Munich has been named the top location in European for real estate investment by LaSalle Investment Management.
Germany’s third largest city overtakes London and Paris to head the league table of cities where real estate investment is likely to be strongest over the medium term.
LaSalle Investment Management puts Munich above London and Paris in the pecking order, despite anecdotal evidence from private equity real estate firms that London is attracting the most interest.
Chicago-based LaSalle says in its annual E-REGI index Munich has strong levels of wealth, a highly diversified local business structure, consisting of a mix of strong global players and a growing SME sector from various industries. This, it says, protects the local economy from the full impact of the global financial crisis.
The index also says the German city offers particularly favourable business conditions, which are complemented by extensive R&D activities. In combination, these factors result in comparatively strong economic and employment growth forecasts despite the current slowdown.
The firm puts Munich above London and Paris in the pecking order, despite anecdotal evidence from private equity real estate firms that London is attracting the most interest.
While London’s size and wealth have kept it in the top ten, weak GDP and employment growth expectations have weighed heavily against the UK capital in the latest Index, says LaSalle.
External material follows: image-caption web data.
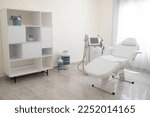 The sculp body treatment machine with a white bad in the white room, cabinet in the cosmetology, beauty center, clinic, salon.Cosmetology devices.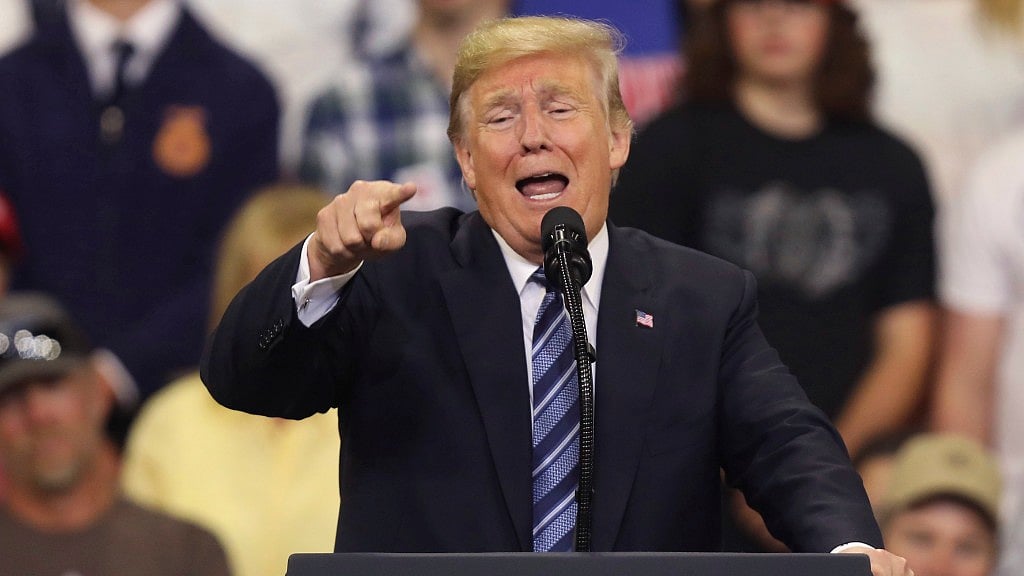US President Donald Trump speaks at a rally while campaigning for the upcoming mid-term elections.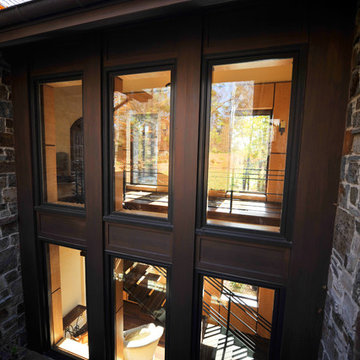 Transparent connecter hallways with open views to woods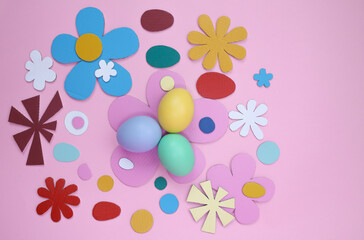 Easter decoration with colored eggs on pink background 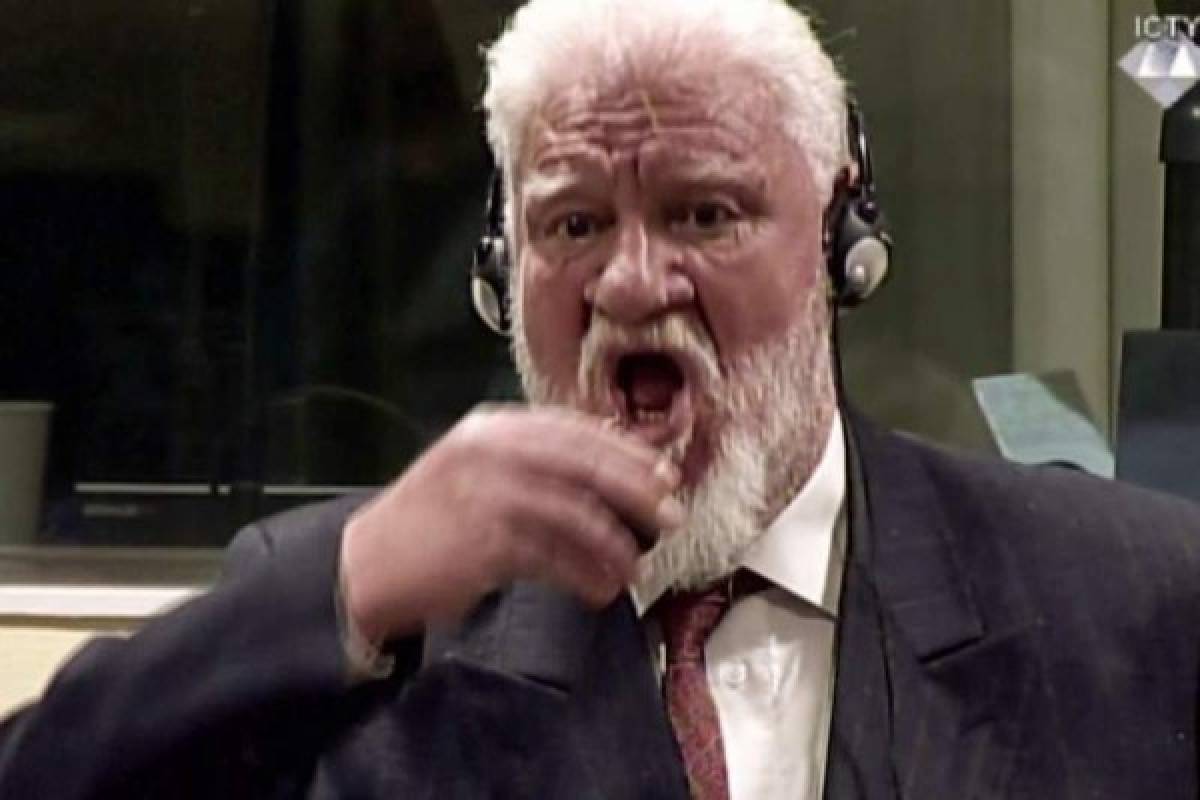 This videograb taken from live footage of the International Criminal Court, shows Croatian former general Slobodan Praljak swallowing what is believed to be poison, during his judgement at the UN war crimes court to protest the upholding of a 20-year jail term.Former Bosnian Croat military leader Slobodan Praljak was alive and being treated by medics. / AFP PHOTO / International Criminal Tribunal for the former Yugoslavia / - / RESTRICTED TO EDITORIAL USE - MANDATORY CREDIT 'AFP PHOTO / ICTY' - NO MARKETING NO ADVERTISING CAMPAIGNS - DISTRIBUTED AS A SERVICE TO CLIENTS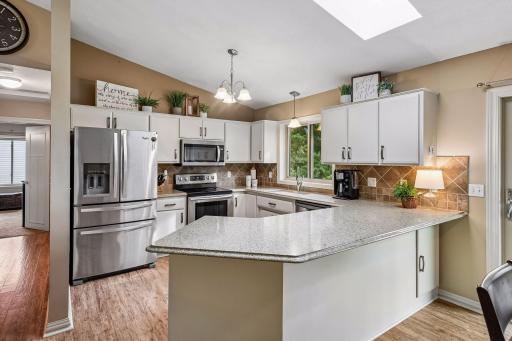 Enjoy a light and bright kitchen with the frameless infinity skylight.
Charles Maudsley, LaSalle Investment Management’s co-head of Europe, said: “Notwithstanding its decline in the rankings London remains a very attractive place for property investment because yields have expanded well beyond fair value even allowing for the weak demand outlook.” He added more caution should be exercised outside London and its hinterland.
LaSalle compiled E-REGI by ranking the top 98 European cities using a combination of economic growth factors, the overall level of wealth, and the relative attractiveness of the local business market. As a result of the financial and economic turmoil, there are significant changes to the top of the ranking in 2009, to the benefit of wealthy cities and at the expense of locations whose ranking used to be driven by strong economic growth prospects.
Overall, it placed Munich in top position, followed by Paris, Stockholm, Oslo, Luxembourg, Moscow, Helsinki, London, Stuttgart and Gothenburg.
LaSalle said Paris was only marginally behind Munich, as in previous years. This was achieved partly on the back of sustained growth prospects, mainly due to high wealth levels. As a result of the centralised political system, Paris is a major hub of administrative, economic and financial activity in France, it pointed out. It also serves as an important transport and logistics centre in France. However, while the local economy seems to be more resilient to the downturn than other major European locations, the downside of Paris’s role as the main business hub in France is greater exposure to variations in office employment.
Sweden’s position reflected a recent period of strong growth and its comparatively high levels of wealth.
Moscow premiered in this year’s analysis and immediately secured a place in the top-10, said LaSalle, overtaking last year’s top-ranked city, London, in the process. Moscow’s high debut ranking was primarily driven by its size, its importance to the Russian economy as a whole and recent evidence of its ability to record exceptional GDP growth. Counterbalancing these factors are its wealth and business environment scores, which detracted from the city’s overall score.
Simon Marrison, LaSalle Investment Management’s co-Head Europe added: “Recent figures indicate that European commercial real estate investment volumes are stabilising and we expect to see the cities we have identified in our 2009 index to be among the first to benefit from an increase in demand.”
He added: “Paris stands out as the market where the correction has been most pronounced and with the findings in this report we believe that with careful stock selection the market will deliver strong returns. We currently see value in well leased well located stock outside of the central business district, particularly on larger lot sizes where prices have moved most. Our teams in Munich are also seeing attractive opportunities although there are less forced sellers there.”